Most medium to large sized businesses have a reporting solution that provides timely financial information in a user-friendly format for sales people, managers and customers. Usually, the “solution” is a dedicated reporting employee who manually queries source databases for statistical data.
This paper offers two software specific solutions to overcome limitations exposed in Microsoft SQL Server’s Reporting Services. These solutions offer the benefit of providing employees with the ability to quickly generate dynamic report templates and focus their energy on future enhancements instead of continuous maintenance.
(Note: This article applies to Microsoft SQL Server Reporting Services 2000 w/SP4.)
Microsoft SQL Server Reporting Services provides the development environment needed to develop report templates and to parse, retrieve and display the data through Internet Information Server (IIS).
The Reporting Services development environment is a Visual Studio (VS) application that provides report specific methods and functions, including two-dimensional tables, multi-dimensional matrices, list boxes, dropdown selection boxes and other visual report tools.
Reports are created with VS, uploaded to the Reporting Services server and then accessed through IIS by end-users.

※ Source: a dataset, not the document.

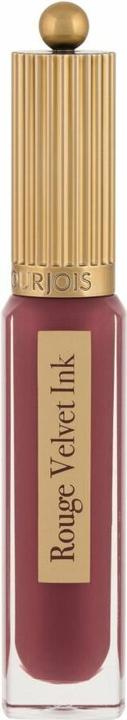 Produktbild Bourjois Rouge Velvet Ink (15 Sweet Dar(k)ling)
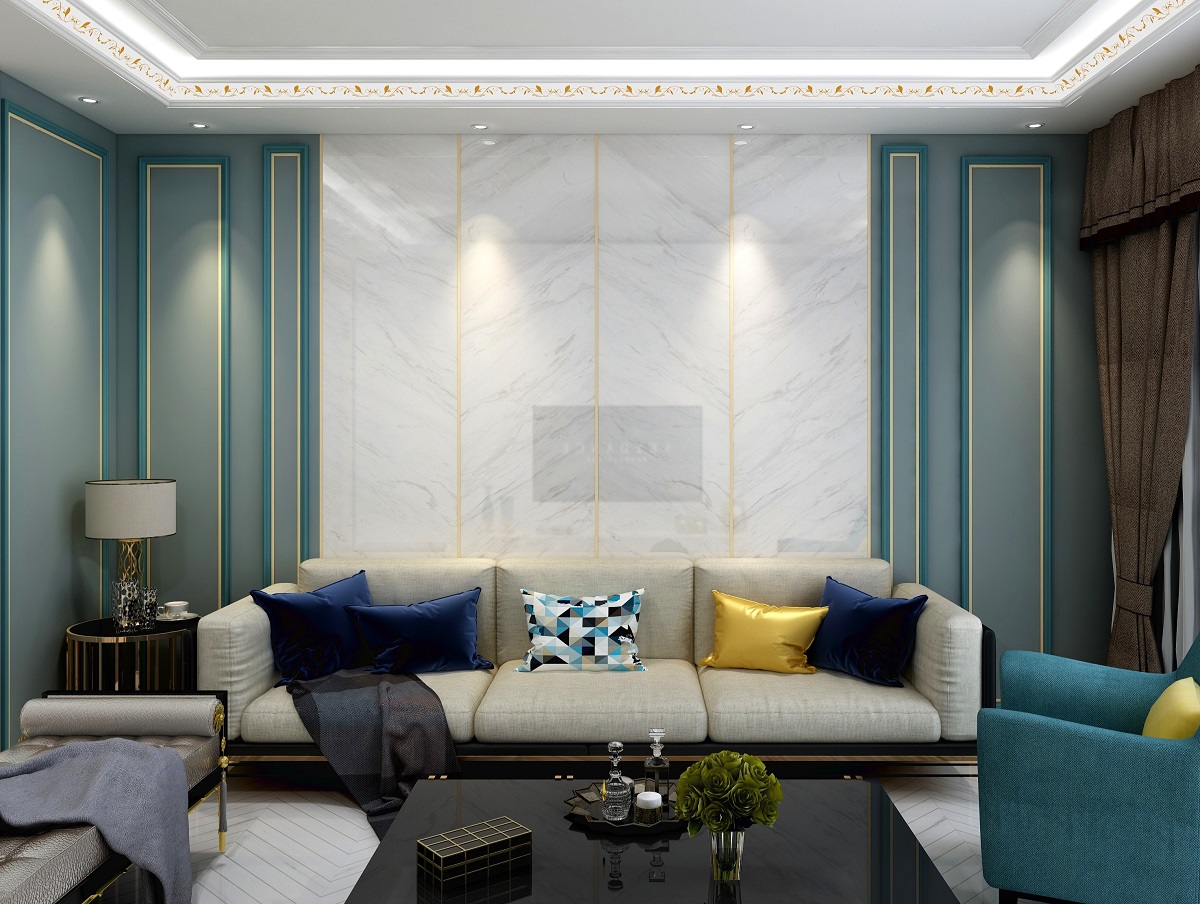 ����&amp;ɳ������ǽ - ����.jpg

Management of developed reports is restricted to the Reporting Services Web site, which lets you configure scheduled report deliveries through subscriptions, manage the security of individual reports and display basic information. Bug fixes, enhancements or further development must take place within the development environment.
To understand the restrictions inherent in Reporting Services, one must have an understanding of the customer’s report requirements. In most cases, the tools and methods provided by Reporting Services are sufficient to author typical reports. However, in specific circumstances the report requirements can eclipse the built-in tools and methods. One of these specific circumstances occurs when the source data on which a report depends consists of multidimensional data, such as the data retrieved from OLAP cubes. This data is often horizontally dynamic, which means that the number, format and name of the columns in an explicitly named, two-dimensional result set can be different from any other result set within the same report.
For example, in a standard table format, rows represent individual entities, whereas columns represent characteristics of the rows. In an “Inkjet Product” table, each row may denote an individual hardware component, such as a printer cartridge. Each column in that row would denote a characteristic of that component, such as “manufacturing date,” “size” or “cost.” In a “LaserJet Product” table, there may be similar columns, but there may also be additional columns to denote different characteristics.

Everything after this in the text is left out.